Fort Walton Beach Medical Center is no longer in imminent danger of losing millions of dollars in Medicare reimbursements.

However, it is not free of the threat of having the reimbursements canceled by the federal Centers for Medicare and Medicaid Services.

The hospital also remained under a moratorium Tuesday from admitting mental patients detained under the state's Baker Act.

Hospital officials found themselves in trouble with state and federal agencies after mental patient Mark Rohlman escaped from hospital care July 21.

Rohlman, who had been involuntarily detained under the Baker Act, shot and killed Okaloosa County Sheriff's Deputy Anthony Forgione following his second escape. He then killed himself.

It later became public that involuntarily detained mental health patients were escaping from the medical center routinely and that the hospital's staff was not properly responding to the "elopements."

Officials at CMS, which distributes Medicare funding, removed the medical center from "immediate jeopardy" status late Monday, according to agency spokeswoman Lee Millman.

Millman said the hospital has been given 90 days to clear up "systemic issues" that could yet cost it the Medicare reimbursements.
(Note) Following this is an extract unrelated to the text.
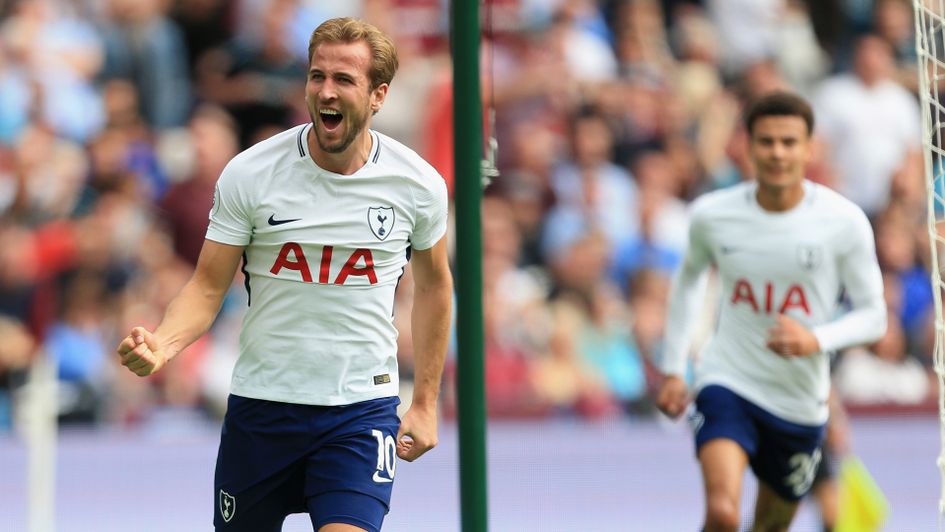 Harry Kane celebrates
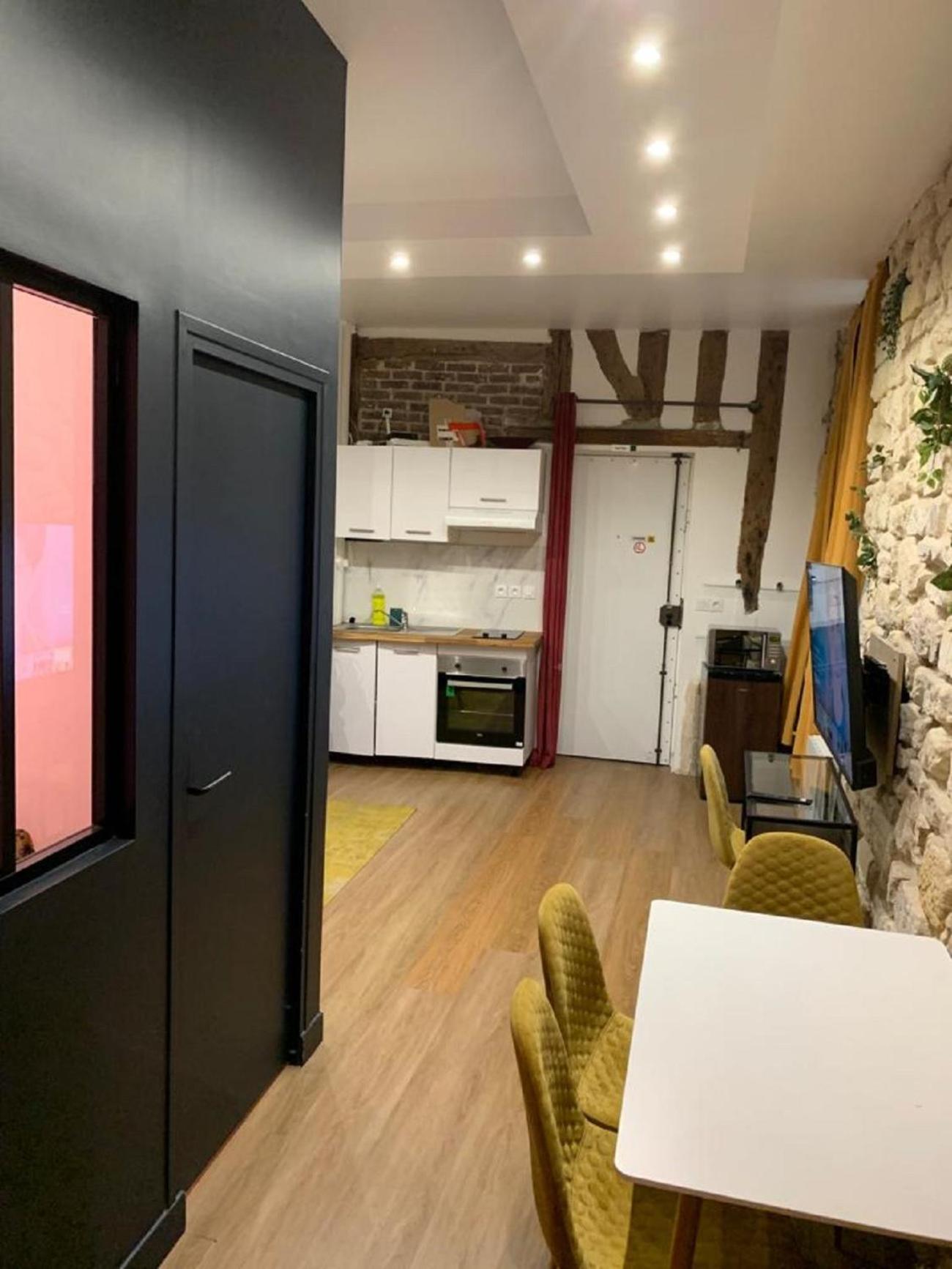 154 - Urban Atelier Home Cinema In Париж Екстериор снимка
"Now it's on to the systemic issues that need to be addressed," Millman said.

She did not go into detail about those issues.

CMS made its move only after receiving a recommendation to do so from Florida's Agency for Health Care Administration, officials said.
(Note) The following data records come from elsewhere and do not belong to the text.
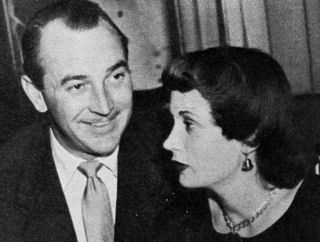 Lee Bowman met zijn vrouw Helen Rosson in de Stork Club (1955).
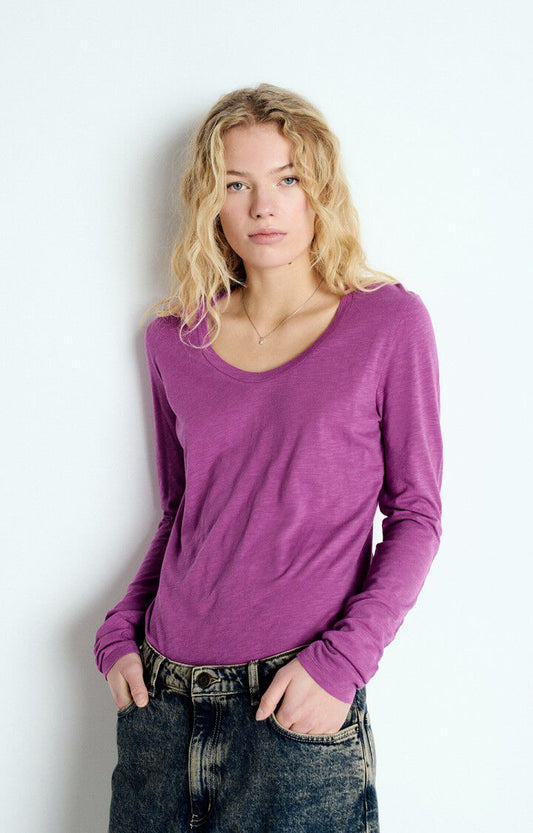 Jacksonville Top by American Vintage in Vintage Geranium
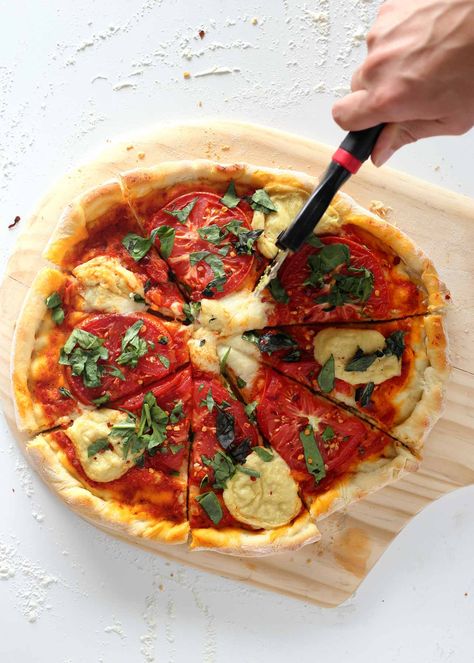 Vegan Pizza Dough [Margherita Pizza Recipe] | Pasta-based Vegan Recipes Plant Based Pizza Recipe, Easy Vegan Pizza, Vegan Pizza Dough Recipe, Vegan Pizza Recipes, Vegetarian Italian Recipes, Vegan Pizza Dough, Vegan Board, Margherita Pizza Recipe, Plant Based Pizza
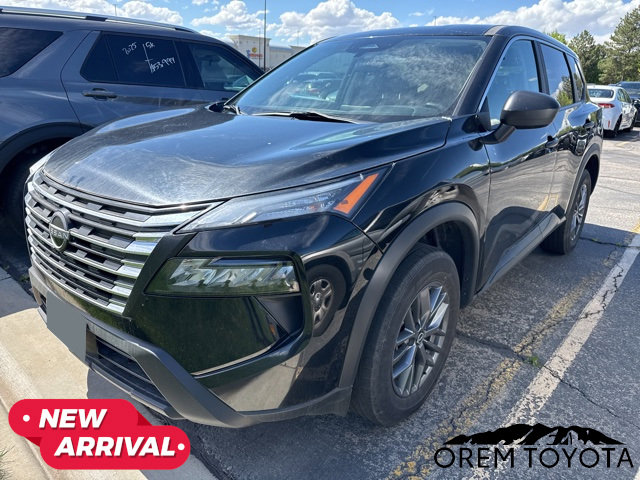 Used 2024 Nissan Rogue S image 4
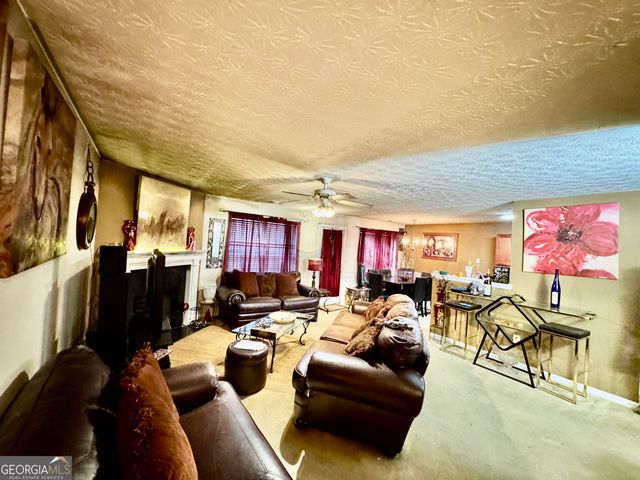 6261 Lake Valley Point, Lithonia, GA 30058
Fernando Serna, spokesman for AHCA, said officials from his agency were at Fort Walton Beach Medical Center on Monday reviewing the "immediate jeopardy status" it placed on the hospital Aug. 1.
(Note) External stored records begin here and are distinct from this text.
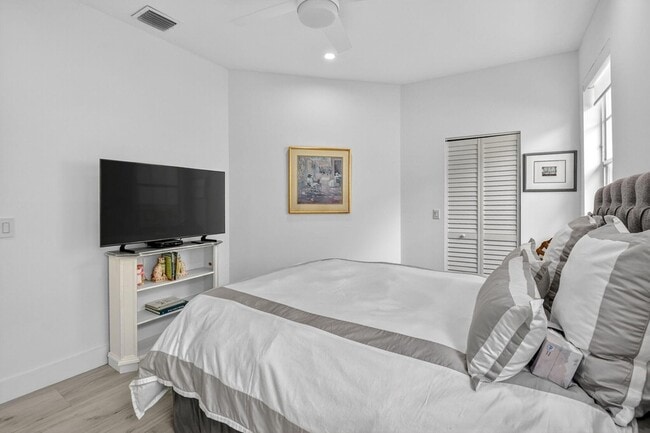 Building Photo - 6668 NW 25th Terrace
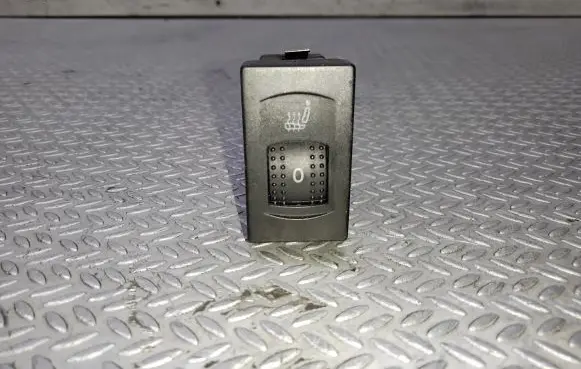 Volkswagen PASSAT B5.5 Seat heating switch 3B0963564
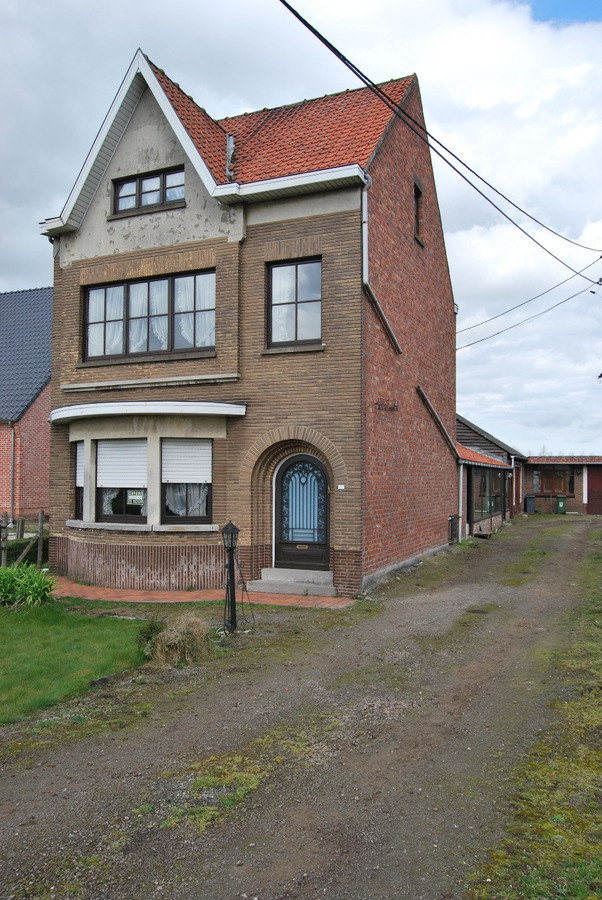 Te renoveren woning op 7390m&#178; te Lokeren 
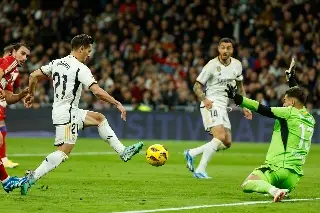 Real Madrid gana y se mantiene de líder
The hospital was designated as being in immediate jeopardy when the state found "sufficient evidence to warrant concern for the safety of individuals brought to your facility on an involuntary examination," according to the AHCA notice.

Serna said findings of the Monday visit are still being put on paper and could be available today.

Hospital spokeswoman Vicki Story said hospital officials will comment on the AHCA recommendation after receiving the paperwork.

It also appeared Tuesday that the moratorium on Baker Act admissions could be removed this week, possibly as early as today.

"We expect to have a decision and will notify the hospital that it has been lifted or the reasons we can't lift it," said Janice Thomas, circuit administrator for the Department of Children and Families, the agency that sets Baker Act guidelines in Florida.

Thomas said DCF had requested updates to a corrective action plan the hospital was asked to produce after the moratorium was placed on it. Those updates were expected to be made Tuesday.